- Records -

Content starts

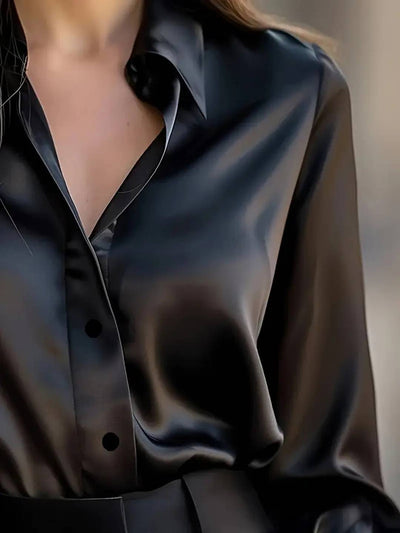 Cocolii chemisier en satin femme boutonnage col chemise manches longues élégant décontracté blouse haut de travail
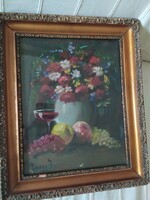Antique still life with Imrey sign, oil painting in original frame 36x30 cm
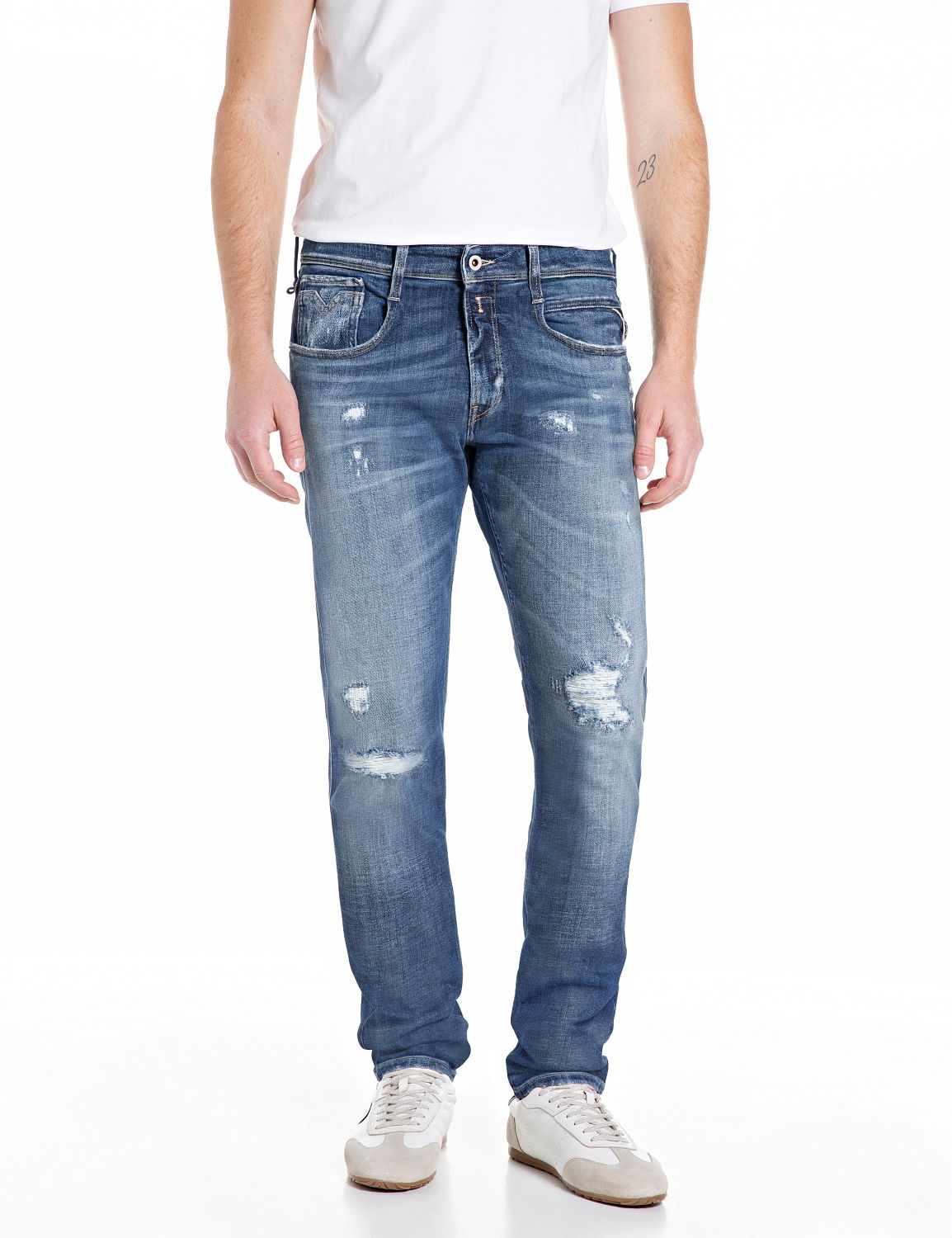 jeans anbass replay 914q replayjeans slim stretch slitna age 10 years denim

Content ends
Content starts

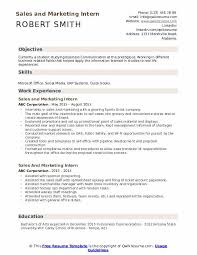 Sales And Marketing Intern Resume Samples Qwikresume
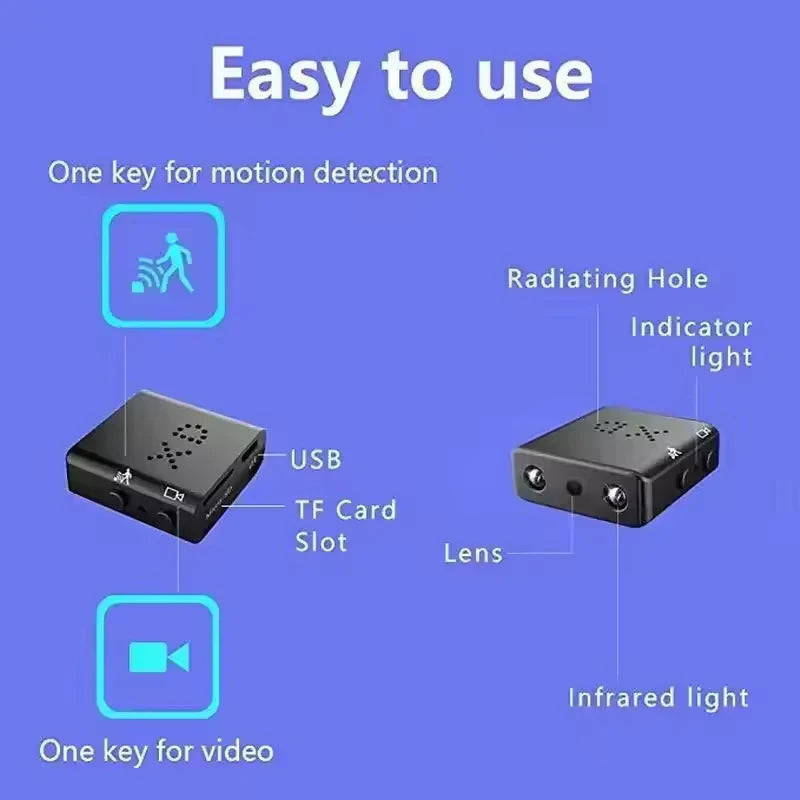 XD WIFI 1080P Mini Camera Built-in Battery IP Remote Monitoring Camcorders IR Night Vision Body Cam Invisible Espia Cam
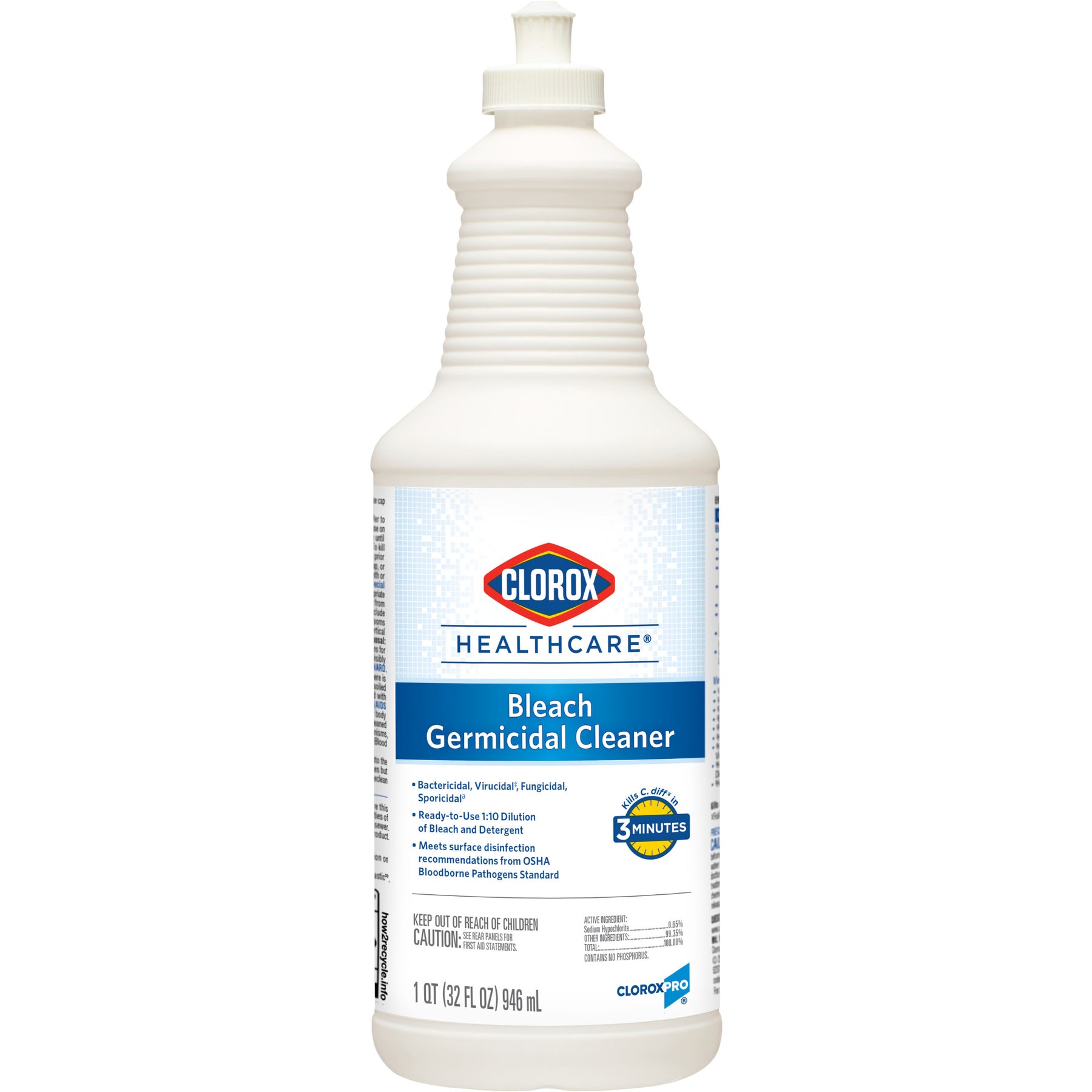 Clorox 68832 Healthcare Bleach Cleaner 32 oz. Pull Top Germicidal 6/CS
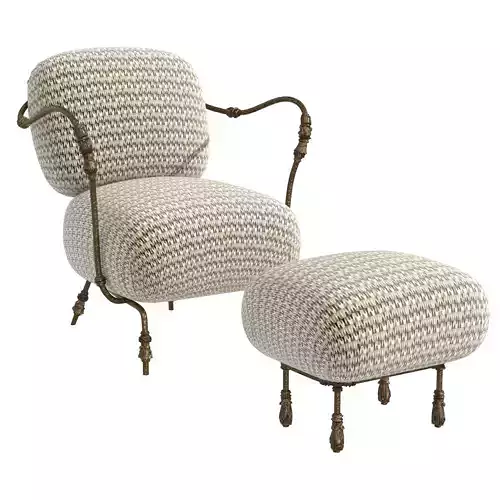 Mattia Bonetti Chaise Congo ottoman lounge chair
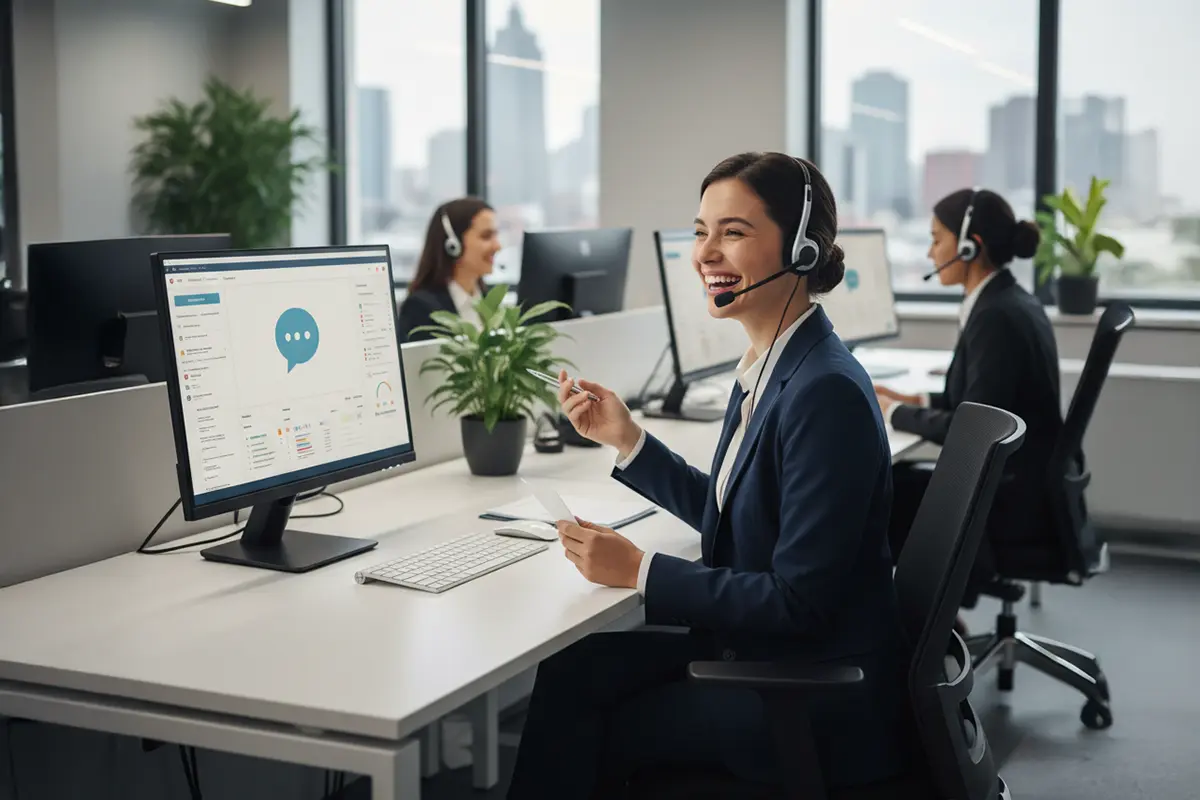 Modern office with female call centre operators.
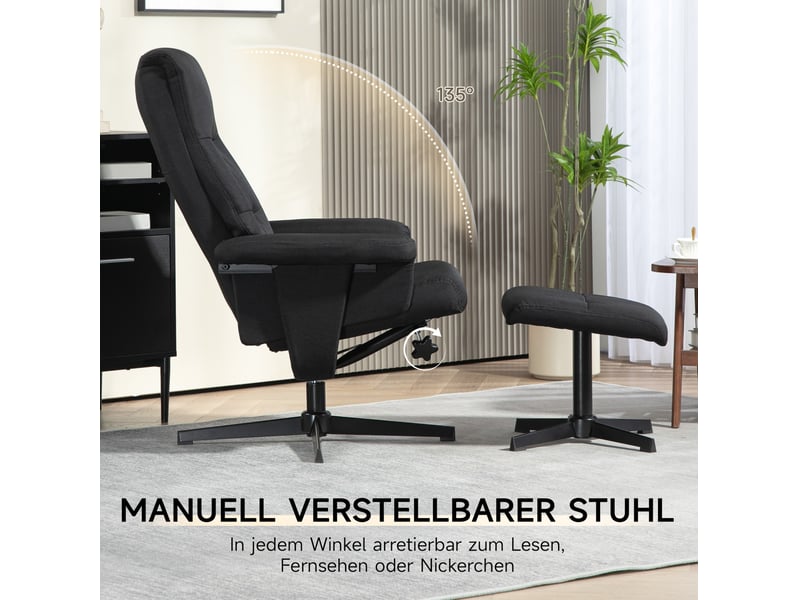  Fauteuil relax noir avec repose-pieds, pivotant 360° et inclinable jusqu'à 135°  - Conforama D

Content ends
Content starts

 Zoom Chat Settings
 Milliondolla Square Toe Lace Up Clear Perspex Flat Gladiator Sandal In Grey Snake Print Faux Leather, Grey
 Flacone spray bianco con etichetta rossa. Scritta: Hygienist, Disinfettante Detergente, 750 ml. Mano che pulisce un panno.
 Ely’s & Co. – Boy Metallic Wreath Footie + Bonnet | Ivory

Content ends

- What you should do -
For the entries above, print exactly the lines between the one with "XD WIFI 1080P" and the one with "Fauteuil relax noir", inclusive, with no pictures.

- Output below -
 XD WIFI 1080P Mini Camera Built-in Battery IP Remote Monitoring Camcorders IR Night Vision Body Cam Invisible Espia Cam
 Clorox 68832 Healthcare Bleach Cleaner 32 oz. Pull Top Germicidal 6/CS
 Mattia Bonetti Chaise Congo ottoman lounge chair
 Modern office with female call centre operators.
  Fauteuil relax noir avec repose-pieds, pivotant 360° et inclinable jusqu'à 135°  - Conforama D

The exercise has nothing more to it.